It's a lack of a gene of flexible work, I think, it's the main obstacle stood in the way of implementing remote working plans in my company or other traditional organizations.
At the beginning of the year, under the quarantine, we had to work from home. But after the quarantine is over, our leaders couldn't wait to let us go back to the office. They never rethink whether a remote working plan is more efficient for our company.

3 个月前chaizi

我已经从看语法错误到更多看表意是否清楚和用词了,感觉你在逼我进步,well done!

一个小的语法错误:it's the main obstacle stood【standing】 in the way of implementing remote working plans. 注意一个句子中只有一个谓语动词。

下面是个人建议可以再改进的地方,仅供参考:

  1. "flexible work"改成"working"可能更好。

  2. "it's the main obstacle"换成"that's"似乎更连贯,然后"that's"另起一句并首字母大写。

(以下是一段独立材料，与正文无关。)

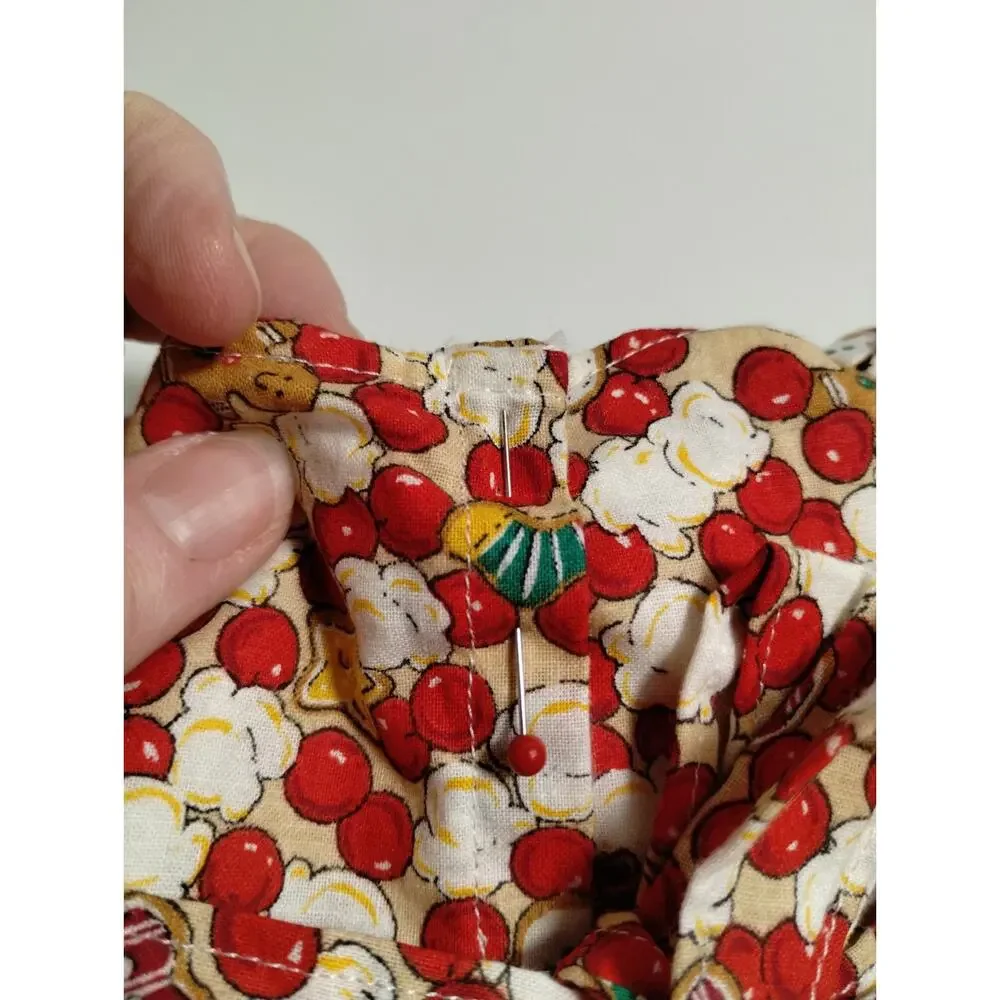 Vintage Handmade Doll Dress - Popcorn Cranberry Garland 10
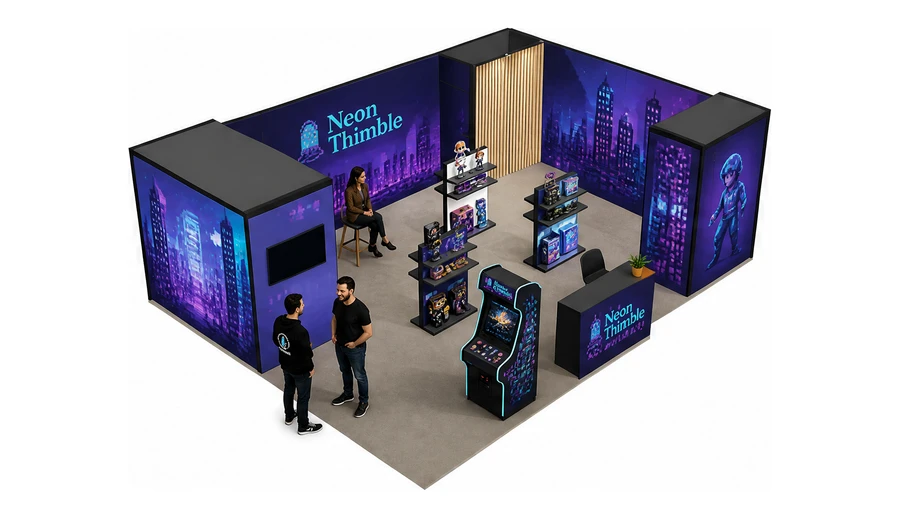 Stoisko 8 × 6 m narożne prawe dla branży gry wideo, przykładowa marka Neon Thimble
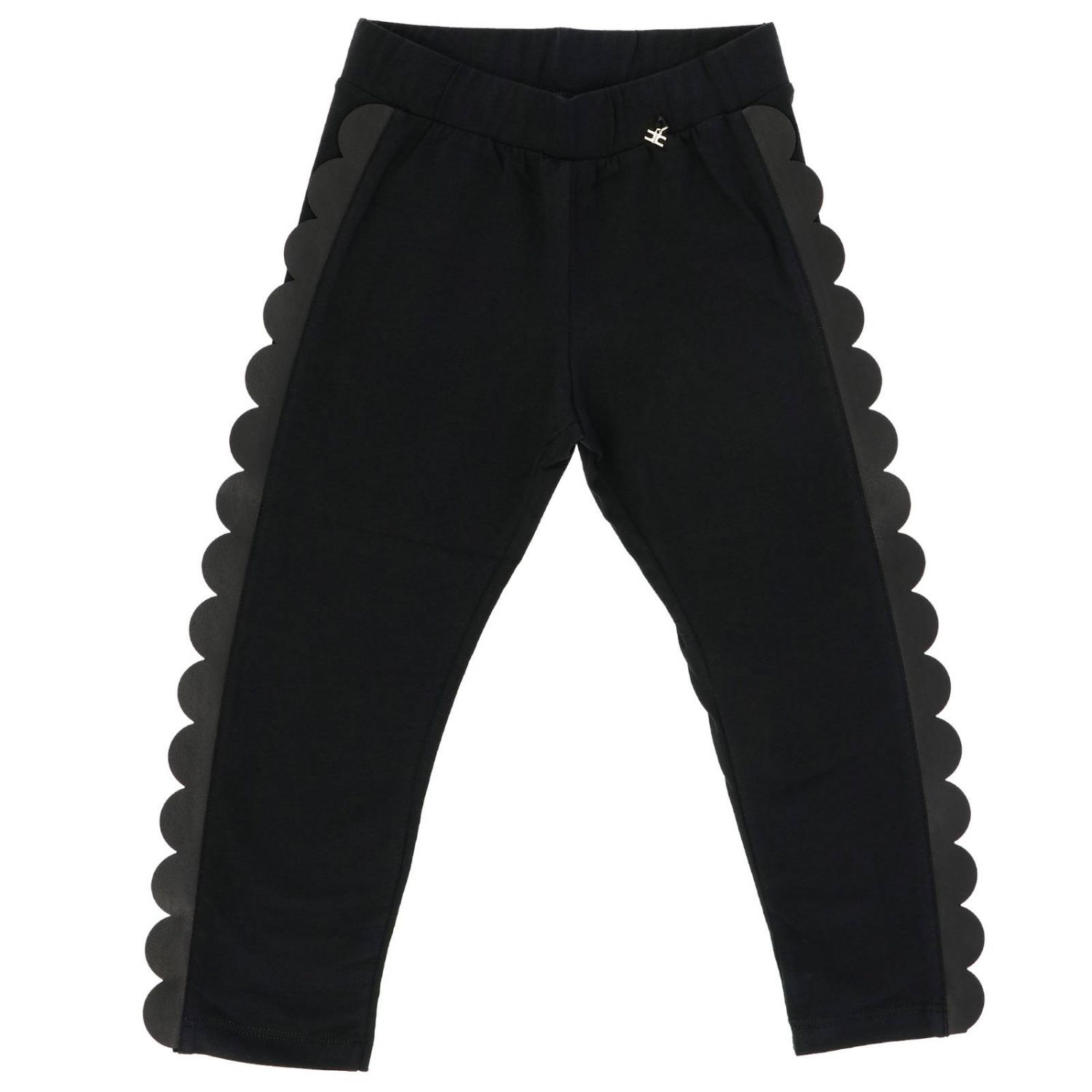 Elisabetta Franchi Outlet: Leggings stretch con bordi a onde - Nero |  Pantalone Elisabetta Franchi EFPA22 JE95 GIGLIO.COM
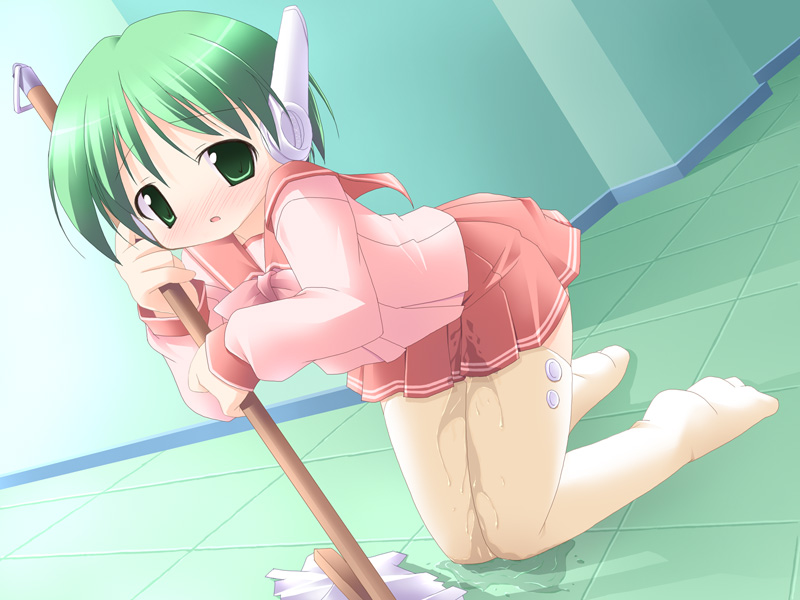 multi (to heart), to heart, to heart (series), blush, green eyes, green hair, hallway, mop, pee, peeing, robot ears, school uniform, solo, thighhighs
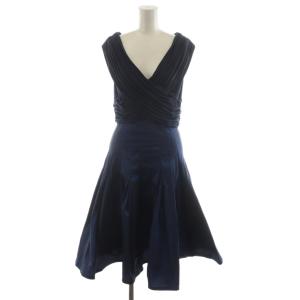 ワンピース ひざ丈 ノースリーブ 切替 2 紺 ネイビー CQ1952M /AN57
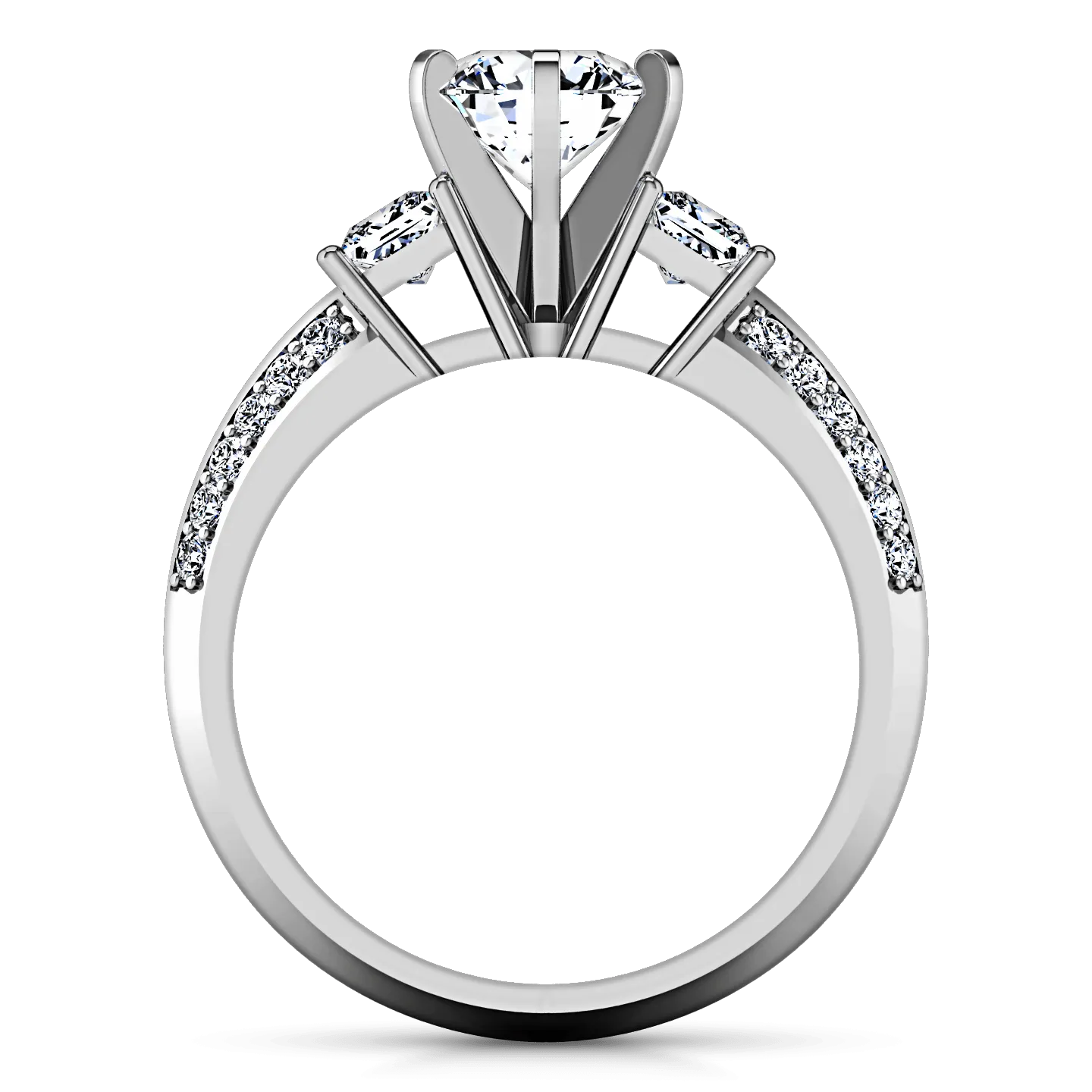 Round Diamond Three Stone Engagement Ring Ivana 14K White Gold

  3. But after the quarantine is over【感觉"after"和"is over"有点重复】...

  4. “rethink”这个词我能感觉出来你可能想表达慎思/三思这层意思,但是放在这里可能不是特别合适。这个词一般直接跟名词,比如:After sliding in the opinion polls, the party had to rethink its plan of campaign.
    再有从意思上,它有“再考虑一下并改变”这个含义。如果你这句话想表达的是“他们从来不考虑远程办公能给是否能给公司带来更高的效率”,那其实用"consider"或用"think"也可以了。注意搭配和用法,尤其是表达什么意思时可以跟从句/什么时候跟不定式等,你可以试着写写看。

3 个月前沈东生(Rick)

Thank you, I'm flattered. I can hardly find the precise word to express what I really mean sometimes. Thank you for your directions.

It's a lack of a gene of flexible working, I think.
That's the main obstacle standing in the way of implementing remote working plans in my company or other traditional organizations.
At the beginning of the year, under the quarantine, we had to work from home.
But after the quarantine, our leaders couldn't wait to let us go back to the office.
They never consider whether a remote working plan is more efficient for our company.

3 个月前chaizi

That's【补充上the main obstacle】 standing in the way of implementing remote working plans in my company or other traditional organizations.
以及是"sometimes",注意细节噢~其他都很棒!
难找到最合适的词是非常正常的,这就是和母语人士的区别……需要长期的积累,我也还在努力中……一起加油!

3 个月前木杉

A company that support reote working need highly self-conscious employees, but it's hard to find such kind of employees. I think this is the main obstacle stand in the way of implementing remote working for a company.

3 个月前chaizi

先是语法部分:

  1. A company that support【主语是第三人称单数这里要+s】 reote【拼写错误】 working need 【主语是第三人称单数这里要+s】highly self-conscious employees.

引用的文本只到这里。